Films from the past also knew the secret of making viewers cry. The radio
presenter reminded me of that sequence in "Bambi" when the young deer, fleeing danger, hears a shot, stops, turns a frightened head looking back in vain for his mother. We don't see - but we know exactly what has happened. Mr B and I, on a visit to Universal
Studios years ago, watched a film about the way Walt Disney created magic by persuading us to care about animated animals as if they were real life humans. To prove the point, the film played that short scene described above. Just the few minutes of film,
no preamble, no setting the scene. And there in the cinema, as Bambi turned his head up there on the big screen in front of us, I heard a child in the row behind us sob. Pure magic.
My problem is that I cry
at all kinds of films. The radio presenter, while generally sympathetic, explains that the more susceptible among us can easily be manipulated by canny film-makers with an understanding of which Cry Buttons to push. That'll be me, then.
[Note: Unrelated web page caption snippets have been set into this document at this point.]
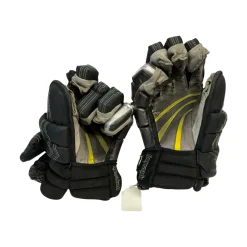 Used Axiom T.9 Senior Gloves Black 15"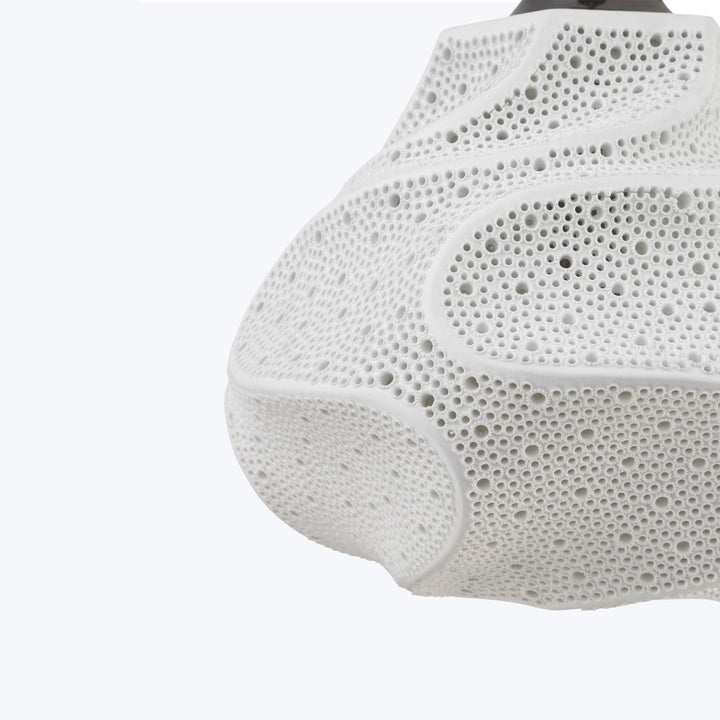 Wintershall White Pendant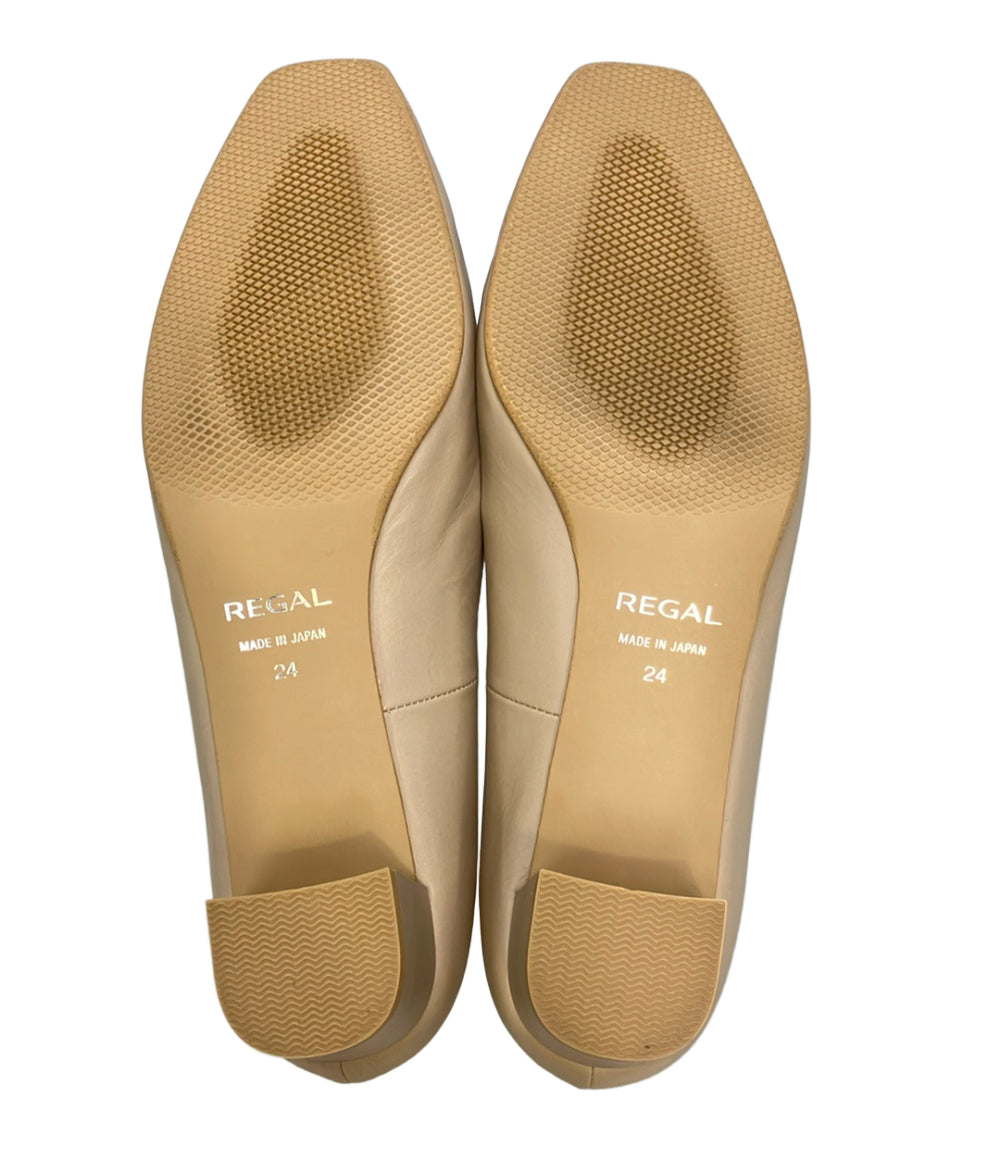 REGAL パンプス レディース SIZE 24.0 リーガル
Granddaughters Katie and Elle will never forget, I fear, how I cried during "Hotel for Dogs". No, really, I did, I'm almost ashamed to say - but then this is the Daily Blog where I have to be prepared, in the name of accuracy and integrity,
to lay bare my soul.
Have you ever seen "Hotel for Dogs"? No, I rather thought not, certainly it wasn't mentioned on the radio programme as a prime example of Films That Made Me Cry. There is this moment when
all the canine guests secretly housed in an abandoned hotel are about to be rounded up and taken by the dog-catchers to their fate. At which point social worker Bernie earns them a reprieve when he reads aloud from the guest book where Bruce, brother of Andi
(I do hope you are keeping up?) has faithfully recorded the heart-rending stories of what had happened to each dog before it found sanctuary at the Hotel for Dogs.
Are you weeping yet?
Just me, then...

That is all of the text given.